*Activity:*
Return the entries below word for word. No picture belongs in the copy.

(Web page caption snippets)

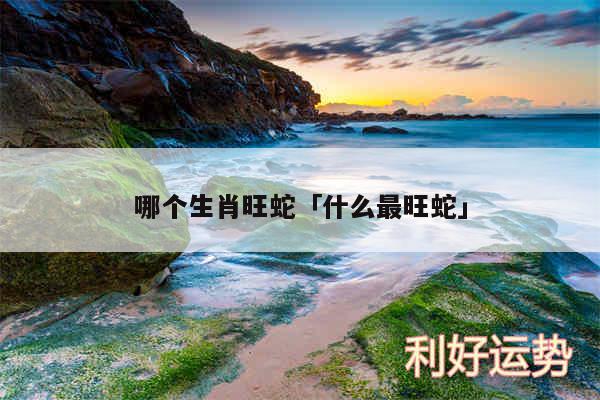 哪个生肖旺蛇及什么最旺蛇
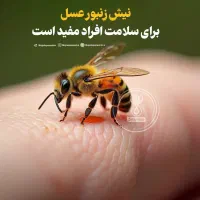 عسل کلی جزئی|خوردنی و آشامیدنی|مشهد, گلبرگ شمالی|دیوار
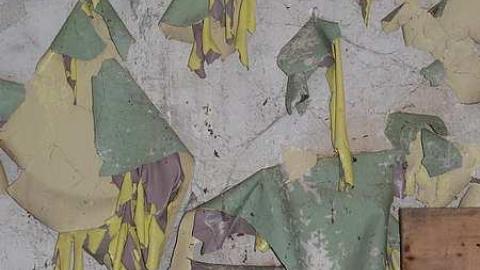 short visit, OPP watching - P1010568.jpg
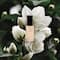 82°E Jasmine Breeze Hydrating Toner Mist (30 ml)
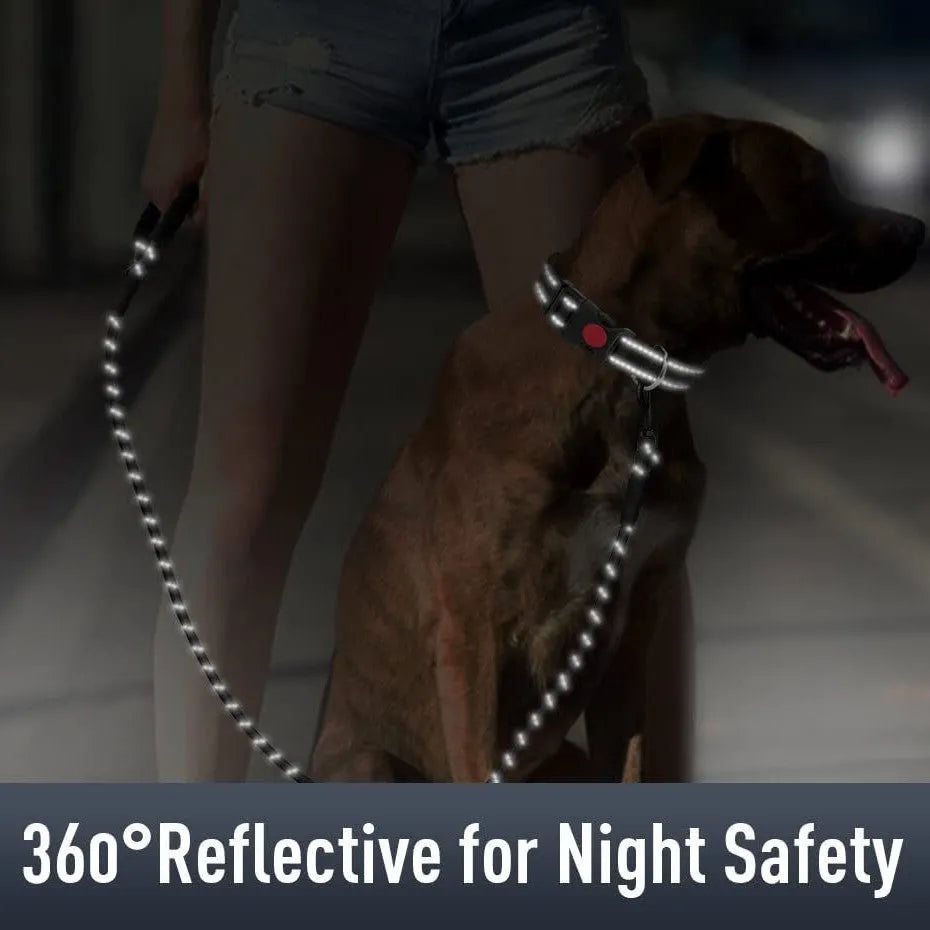 Reflective nylon dog collar with diving cloth tracker cover, in black, shown with adjustable buckle and four size options
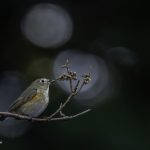 2018年、宮城県で撮影したルリビタキです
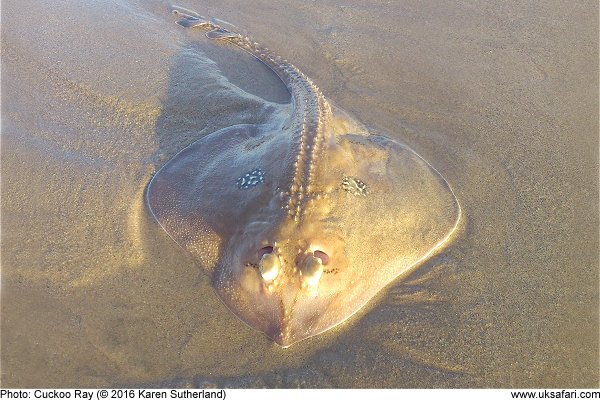 photo of a cuckoo ray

*Solution to the problem:*
 哪个生肖旺蛇及什么最旺蛇
 عسل کلی جزئی|خوردنی و آشامیدنی|مشهد, گلبرگ شمالی|دیوار
 short visit, OPP watching - P1010568.jpg
 82°E Jasmine Breeze Hydrating Toner Mist (30 ml)
 Reflective nylon dog collar with diving cloth tracker cover, in black, shown with adjustable buckle and four size options
 2018年、宮城県で撮影したルリビタキです
 photo of a cuckoo ray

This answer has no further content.